10mg of 7-hydroxycoumarin-4-acetic acid is weighed and dissolved in 1mL of pure ethanol, namely the concentration of 7-hydroxycoumarin-4-acetic acid stock solution is 10 mg/mL.

Firstly, dripping 1 mu L of 7-hydroxycoumarin-4-acetic acid stock solution on a MALDI target plate, dripping 1 mu L of sample 1 solution after drying, dripping 1 mu L of 3, 5-dimethoxy-4-hydroxycinnamic acid stock solution after drying, and finally drying and carrying out MALDI-MS detection. Experimental results show that this "binary" matrix has an enhancing effect on the sample signal.

Claims

1. Use of a binary matrix, characterized in that: the binary matrix is used as a MALDI matrix and is used for matrix-assisted laser desorption ionization time-of-flight mass spectrum signal enhancement of a virus sample;

the binary matrix is: the use of 3, 5-dimethoxy-4-hydroxycinnamic acid in combination with 4, 4' -diaminobenzophenone or the use of 3, 5-dimethoxy-4-hydroxycinnamic acid in combination with 7-hydroxycoumarin-4-acetic acid.

2. Use of the binary matrix according to claim 1, characterized in that: the preparation method of the binary matrix comprises the following steps:

weighing 1-50 mg of 3, 5-dimethoxy-4-hydroxycinnamic acid, and dissolving in 1-50 mL of a solvent containing 0.01% -10% by volume of acid to form 0.02-50 mg/mL of stock solution;

respectively weighing 1-50 mg of 4, 4' -diaminobenzophenone or 7-hydroxycoumarin-4-acetic acid, and dissolving in 1-50 mL of solvent to form 0.02-50 mg/mL of stock solution;

measuring a 3, 5-dimethoxy-4-hydroxycinnamic acid stock solution, and mixing the stock solution with 4,4 '-diaminobenzophenone or 7-hydroxycoumarin-4-acetic acid stock solution according to a volume ratio of 1: 10-10: 1 to obtain a binary matrix of 3, 5-dimethoxy-4-hydroxycinnamic acid combined with 4, 4' -diaminobenzophenone or a binary matrix of 3, 5-dimethoxy-4-hydroxycinnamic acid combined with 7-hydroxycoumarin-4-acetic acid.

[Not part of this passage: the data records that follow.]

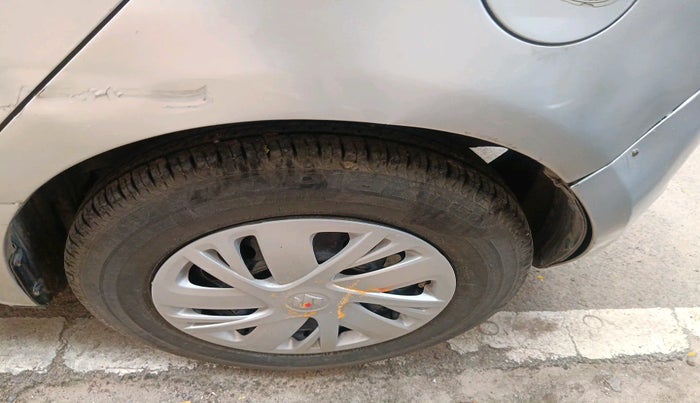 2010 Maruti Swift VXI, Petrol, Manual, 1,20,868 km, tyre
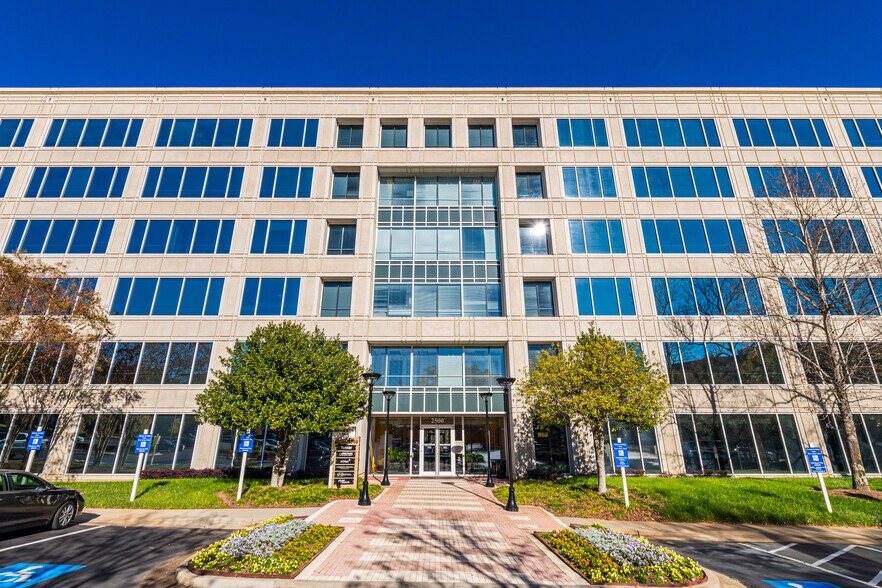 2500 Northwinds Pky, Alpharetta, GA à louer - Photo principale – Image 1 sur 17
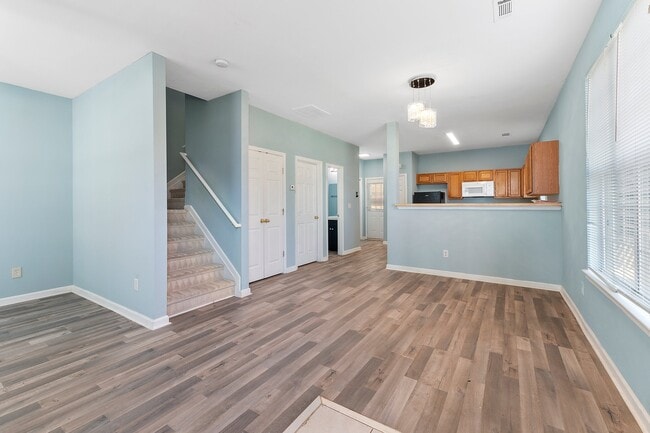 Building Photo - 7679 Creekside Ln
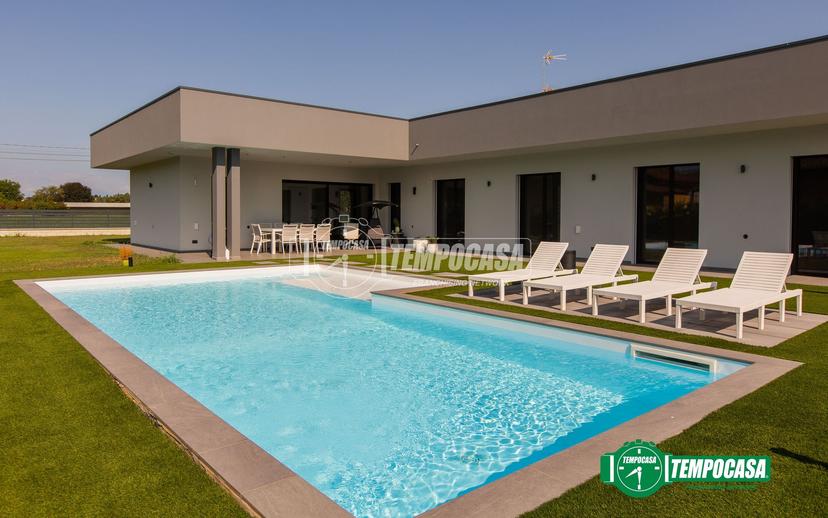 Villa, Oleggio — foto 3 di 5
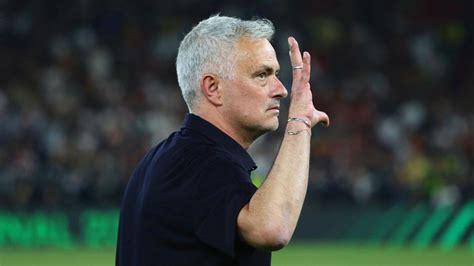 Psg Las Roma Voque Lavenir De Jos Mourinho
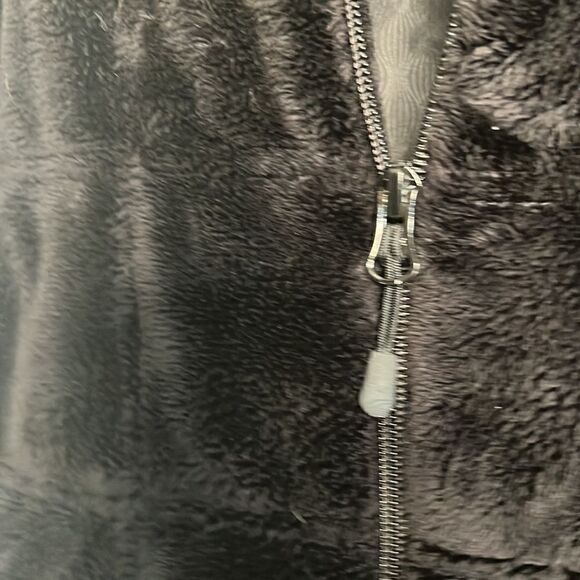 Wind River Fuzzy Vest Size Small - Picture 3 of 9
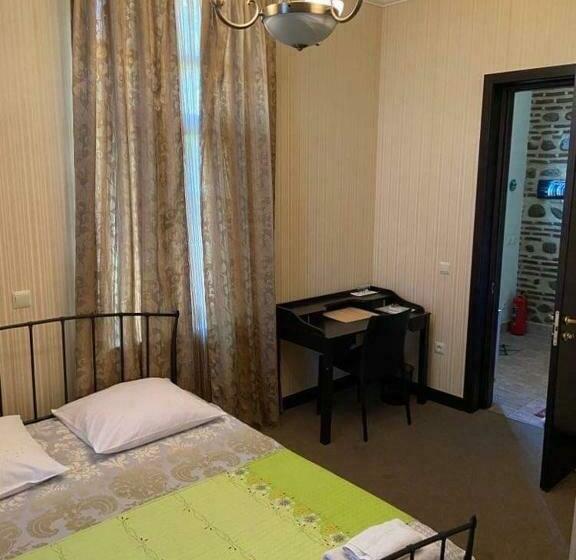 اتاق استاندارد, Dzveli Ubani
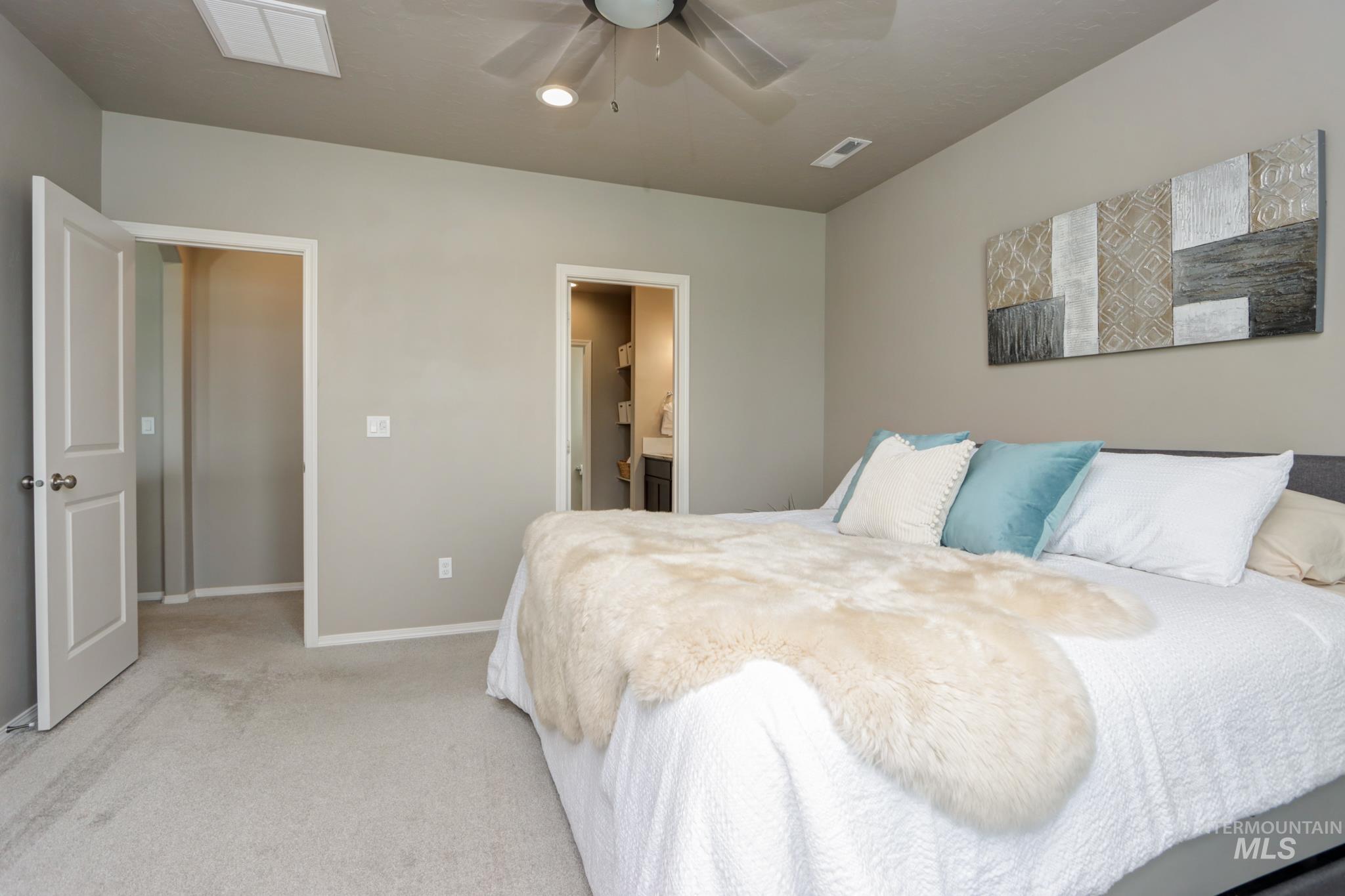 18557 White Rose Pl Property Photo 18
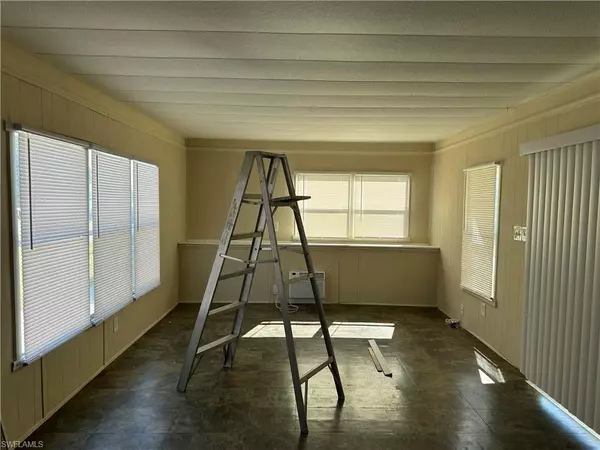 North Fort Myers, FL 33917,333 Lantern LN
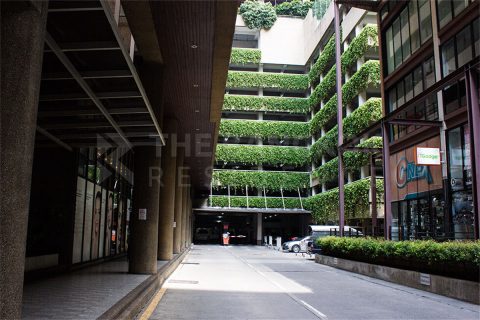 Condo in Bangkok, Thailand, 3 bedrooms № 188539 - photo 8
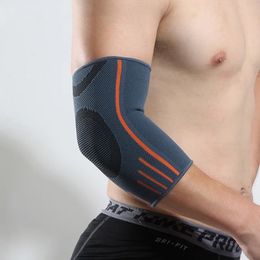1pcs Sports Elbow vendaje transpirable almohadillas de baloncesto voleibol gimnasio gimnasio manga de brazo ajustable cabaña de rodilla seguridad deportiva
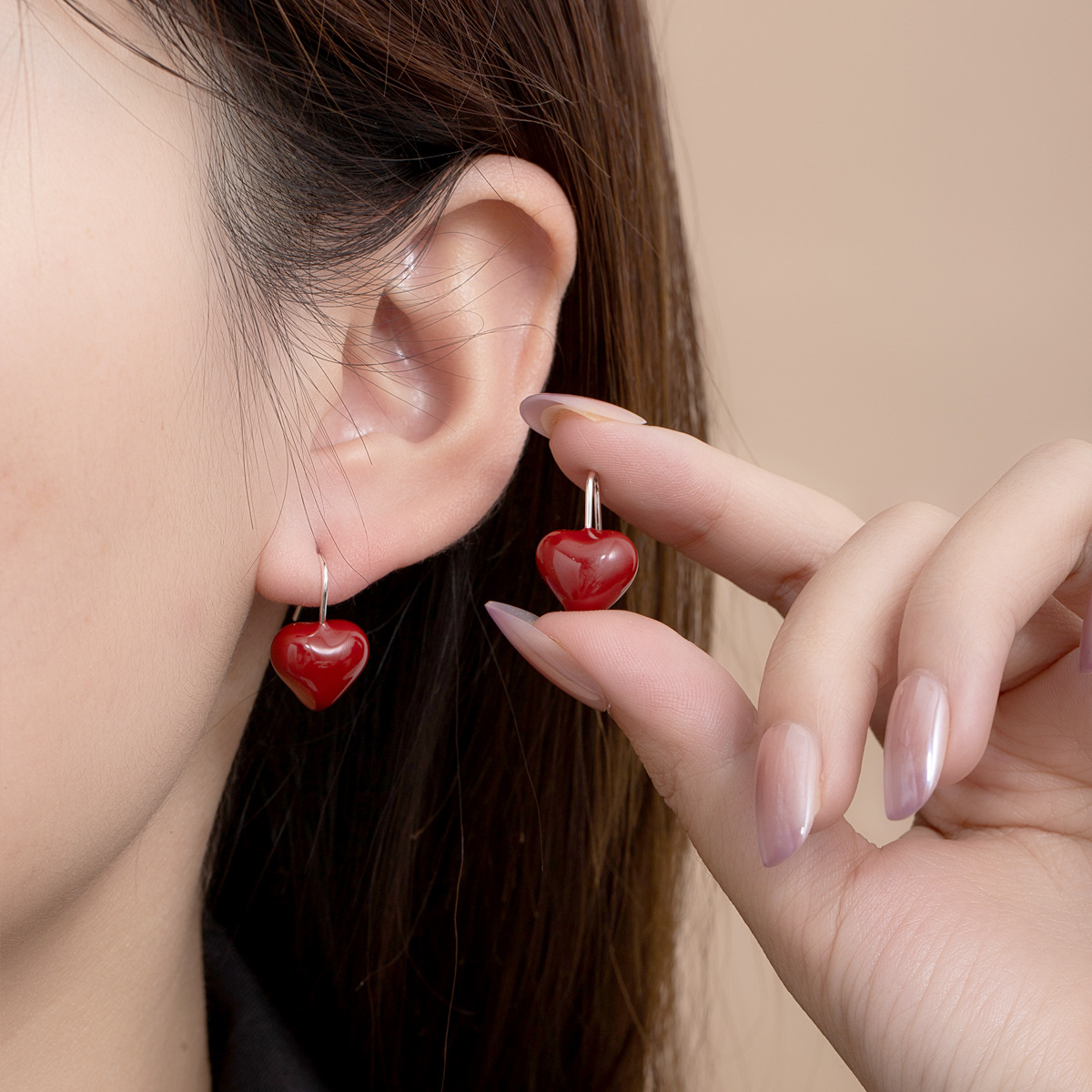 韩系多巴胺彩色滴釉立体爱心耳钩简约甜美精致时尚潮流百搭耳饰女产品图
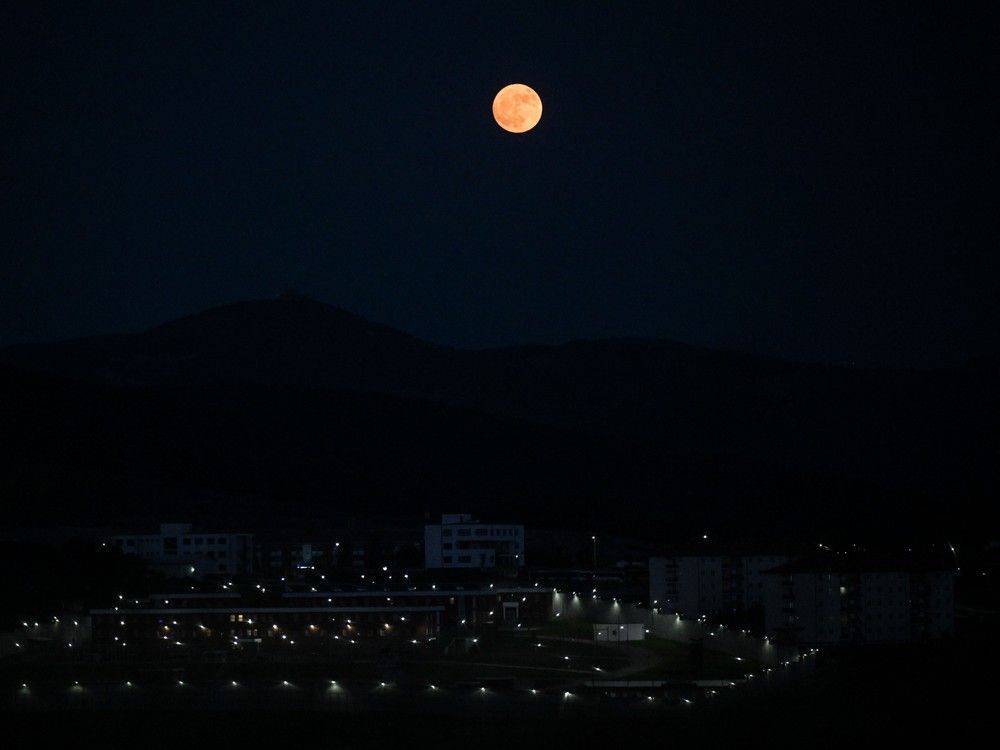 Cette photographie montre une pleine lune, connue sous le nom de 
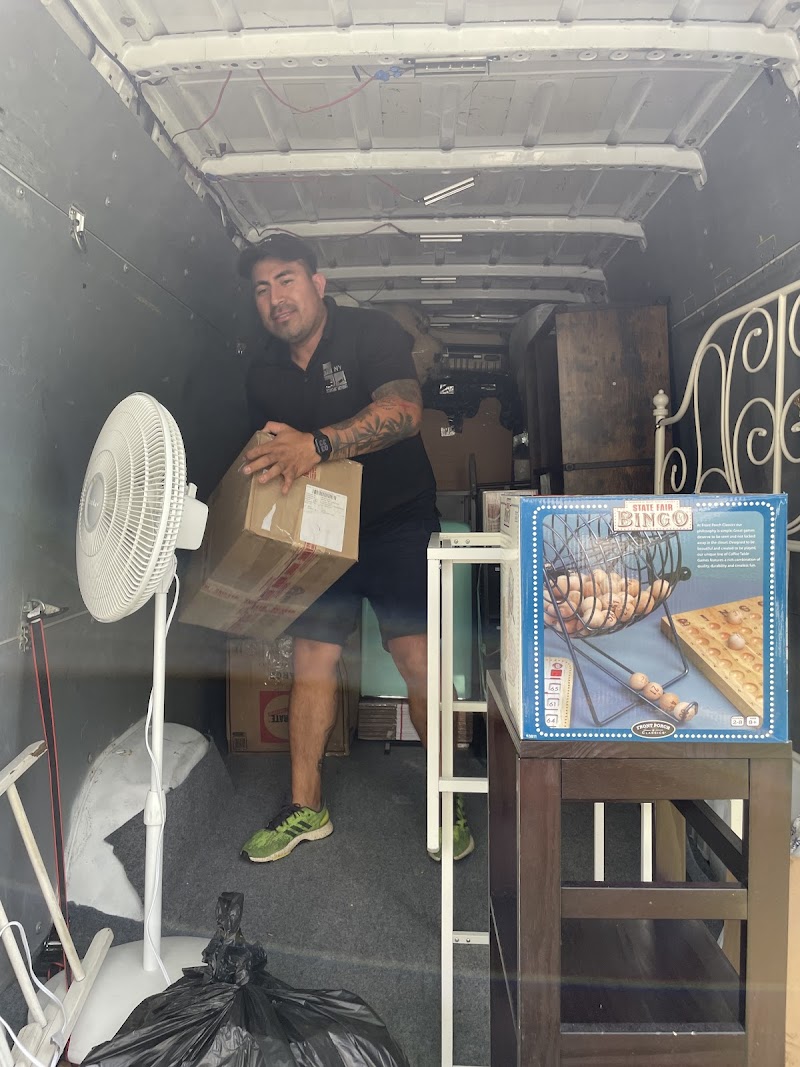 NY Economic Moving LLC. logo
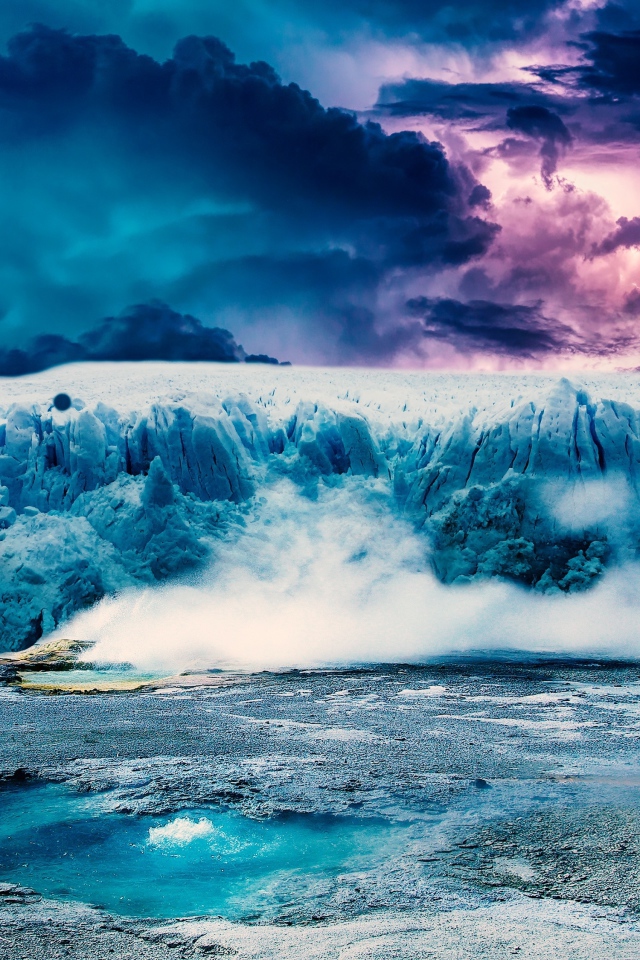 Большой голубой айсберг под грозовым небом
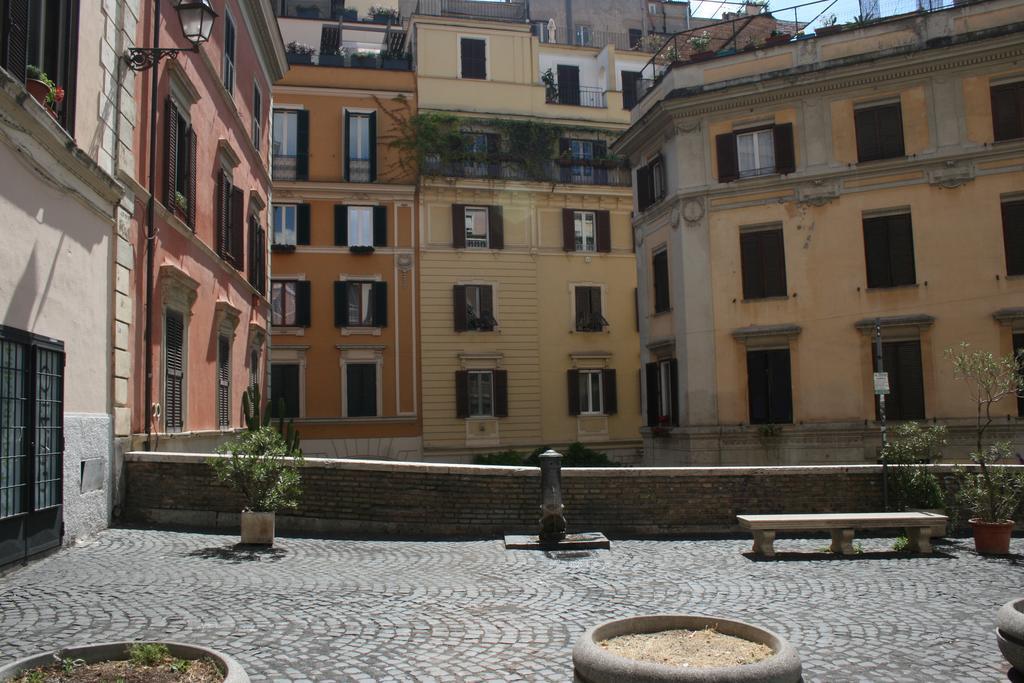 Stella'S Apartment In Monti, Rome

3. Use according to claim 2, characterized in that:

the solvent is one or more than two of water, methanol, ethanol, propanol, isopropanol, acetonitrile, acetone, chloroform, N-dimethylformamide, dimethyl sulfoxide, dichloromethane and diethyl ether;

the acid is one or more than two of hydrochloric acid, sulfuric acid, nitric acid, formic acid, acetic acid and trifluoroacetic acid.

4. Use according to claim 3, characterized in that:

mixing 3, 5-dimethoxy-4-hydroxycinnamic acid stock solution and 4, 4' -diaminobenzophenone stock solution according to the volume ratio of 1: 10-10: 1 to form a binary matrix; or mixing the 3, 5-dimethoxy-4-hydroxycinnamic acid stock solution and the 7-hydroxycoumarin-4-acetic acid stock solution according to the volume ratio of 1: 10-10: 1 to form a binary matrix; firstly, dripping a certain volume of sample to be detected on a target plate, dripping a binary matrix after drying, and finally drying for MALDI detection;

or, according to the volume ratio of 1: 10-10: 1, firstly, dripping a certain volume of 4, 4' -diaminobenzophenone or 7-hydroxycoumarin-4-acetic acid stock solution on a target plate, dripping a sample to be detected after drying, dripping a certain volume of 3, 5-dimethoxy-4-hydroxycinnamic acid stock solution after drying to form a binary matrix, and finally drying for MALDI detection.